We hung up, and I refocused on Angel. “What happened next?”

“Where were we?”

“Hector. The bar. The football players. The gun.”

“Oh, yeah, so Hector pulls a gun, and one of the guys knocks it out of his hands all stealthy like. Then there is this huge fight, and they knock him out. They freak. The owner of the bar tells them to go home. He’ll take care of it. They are all buddies, I guess. He doesn’t want them to lose their careers over some piece of shit like Hector Felix.”

That guy was seriously disliked.

“They leave, and the barkeep calls this other guy. Some friend of his, but before he even shows up, Hector wakes up. He tells the barkeep he’s coming back to kill him and that he wants the names of the guys so he can kill them, too.”

“Dude’s got issues.”

“But Hector leaves all beat up and covered in blood and shit. Then he ends up dead a few hours later. Interesting, don’t you think?”

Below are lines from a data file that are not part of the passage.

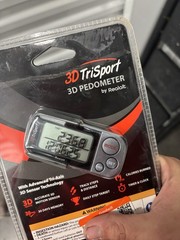 Realalt 3D TriSport Pedometer Tri-Axis 3D Sensor Necklace Black/Gray RTS01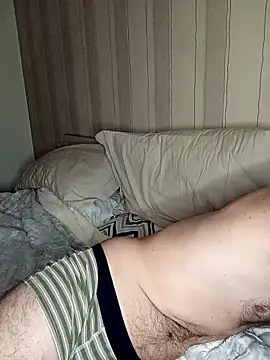 alexdaniel89 (Ask my age) - Play with my dick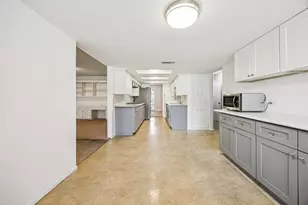 816 Donna Dr, Hurst, TX 76053 - Photo 11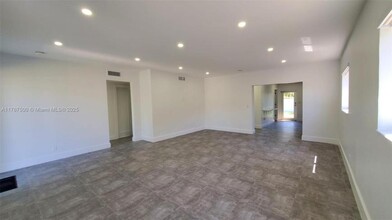 238 NW 45th St in Miami, FL - Building Photo - Building Photo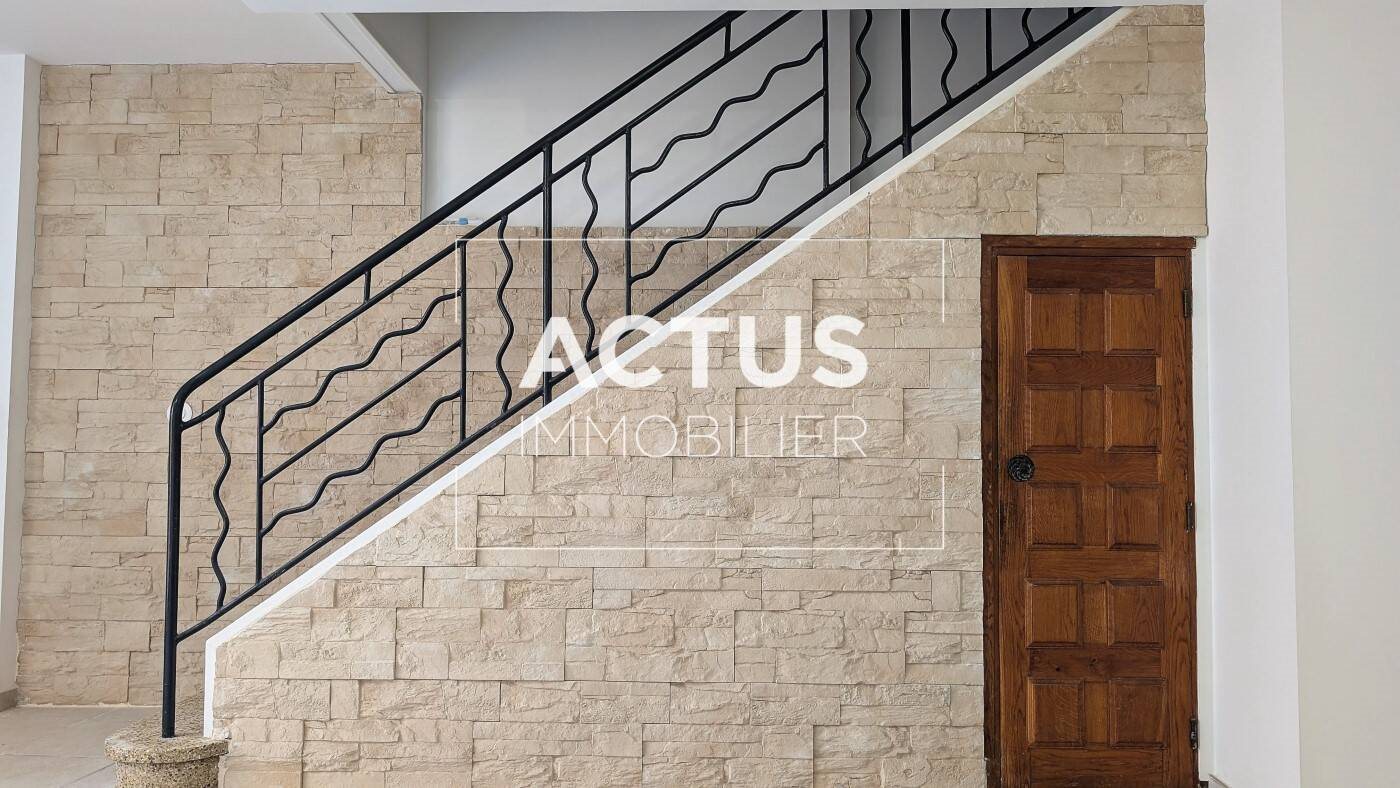 Maison à vendre, 141m², Eyragues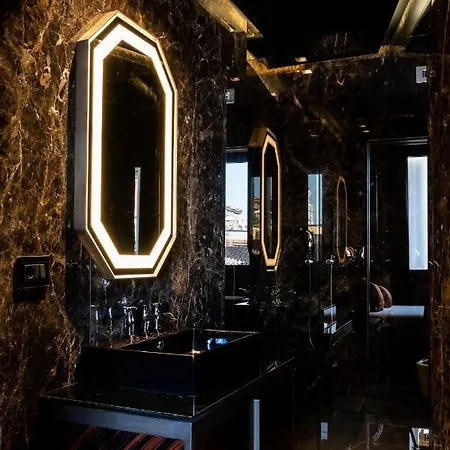 Hotel U-visionary Roma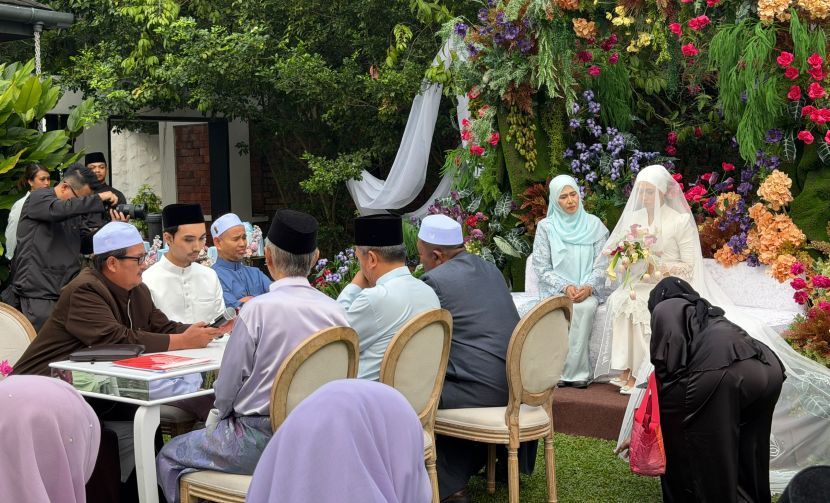 Majlis pernikahan Syazani dan isteri bertemakan 'garden'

“Very,” I said. “Which bar was that?”

“They aren’t open. It’s too early.”

“But they serve food. They’ll have deliveries.”

“Suit yourself,” he said with a shrug. “Trickster’s on San Mateo.”

I made a U-turn first chance I got and headed to Trickster’s.

14

Some days I amaze myself. Other days I put my keys in the fridge.

—MEME

“Where are you?” Cookie asked when she picked up. I was sitting outside the bar, waiting for a delivery truck to show up.

“I’m at Trickster’s. I need to talk to the owner. Can you get me a number?”

“Sure. Amber told me what’s going on. What the hell?”

“Right? Some people, people I like to affectionately refer to as idiots, think they can talk to Deaf kids any way they want without consequences. I don’t know what this chick’s problem is, but I need dirt, Cook. Something with grease that will stick hard enough to get her ass fired.”

“On it. Now, why are you at a bar at seven in the morning?”

I explained about the football players and had her scour the Internet for something, anything, that may have mentioned the fight that night. She promised to get back to me if she got a hit.

In the meantime, Angel left to check on his mother, and Artemis tore out of the car to chase some strange noise she heard in the distance, so it was just me and Misery. Left to our own devices. Would people never learn?

I grabbed my phone, checked messages, then bought a digital copy of the third book, Stardust, since I’d left the paperback copy at the apartment. I’d barely opened the app to read it when a delivery truck pulled up.

If Angel had been there, I could’ve asked him if the guy taking the delivery was the bar owner. Perhaps the departed man in the Hawaiian shirt waving at me from on top of the delivery truck would know.

I motioned him down with a wave of my own, at which point he took Angel’s place in the passenger’s seat.